PROBLEM TO SOLVE
Everything in the listing must be repeated exactly, apart from the images.

INPUT DATA
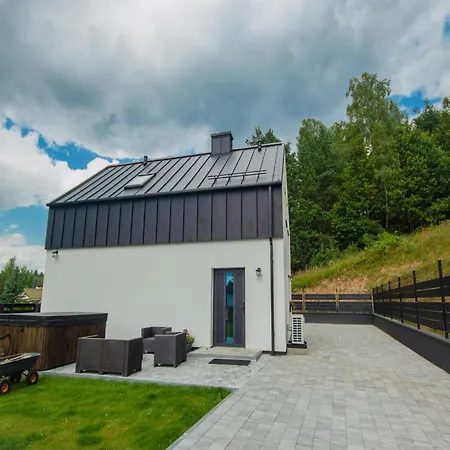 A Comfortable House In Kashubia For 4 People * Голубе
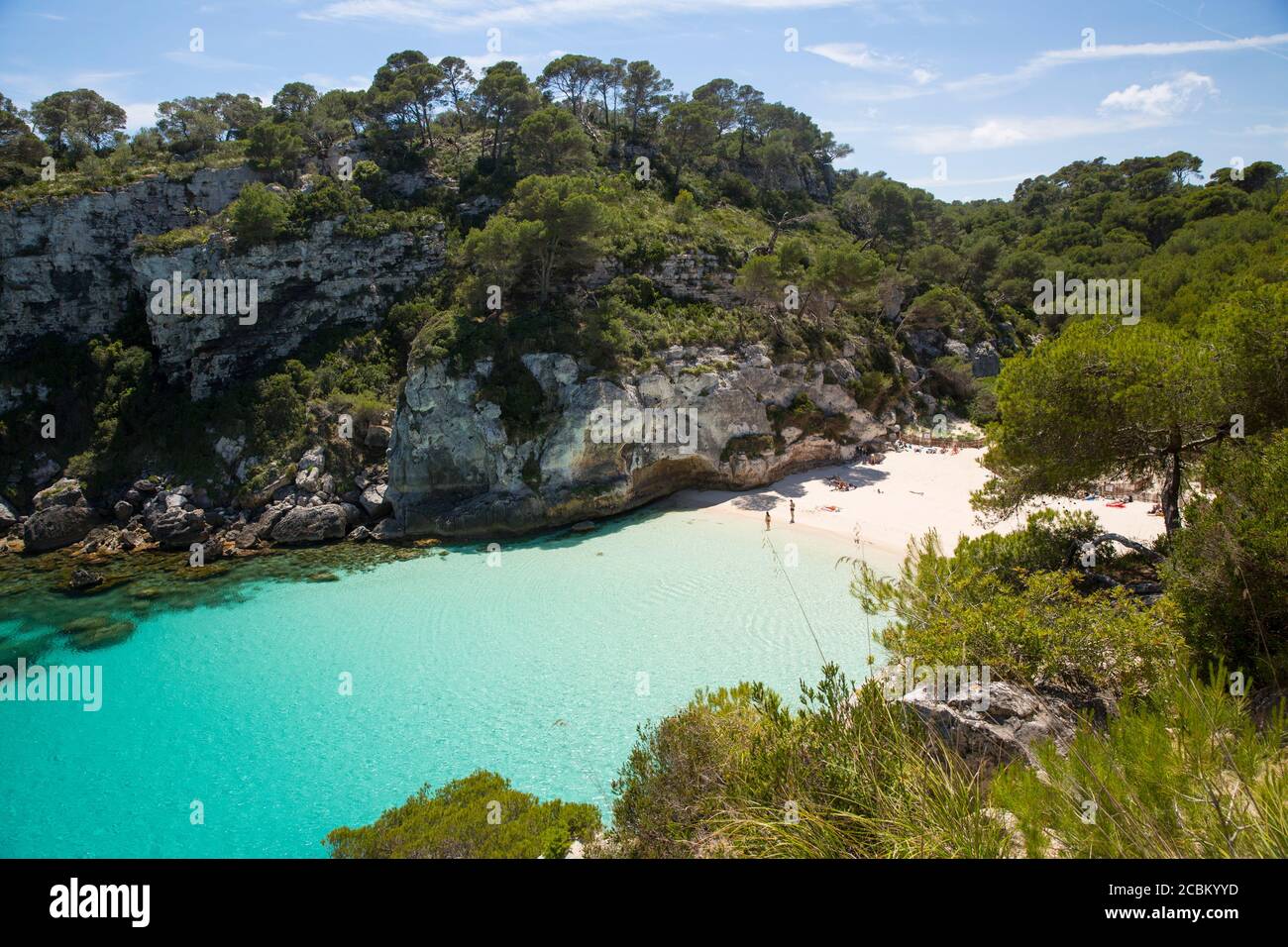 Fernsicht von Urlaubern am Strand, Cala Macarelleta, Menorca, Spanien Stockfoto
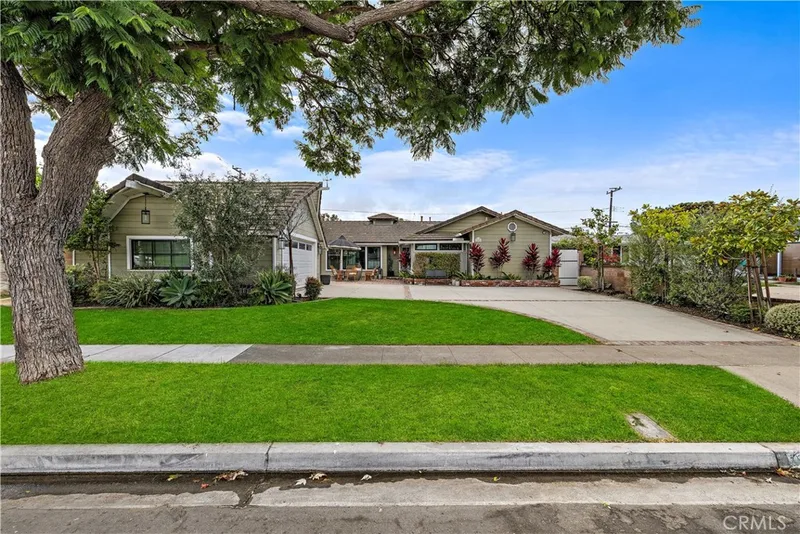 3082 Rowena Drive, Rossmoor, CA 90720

TASK RESPONSE
 A Comfortable House In Kashubia For 4 People * Голубе
 Fernsicht von Urlaubern am Strand, Cala Macarelleta, Menorca, Spanien Stockfoto
 3082 Rowena Drive, Rossmoor, CA 90720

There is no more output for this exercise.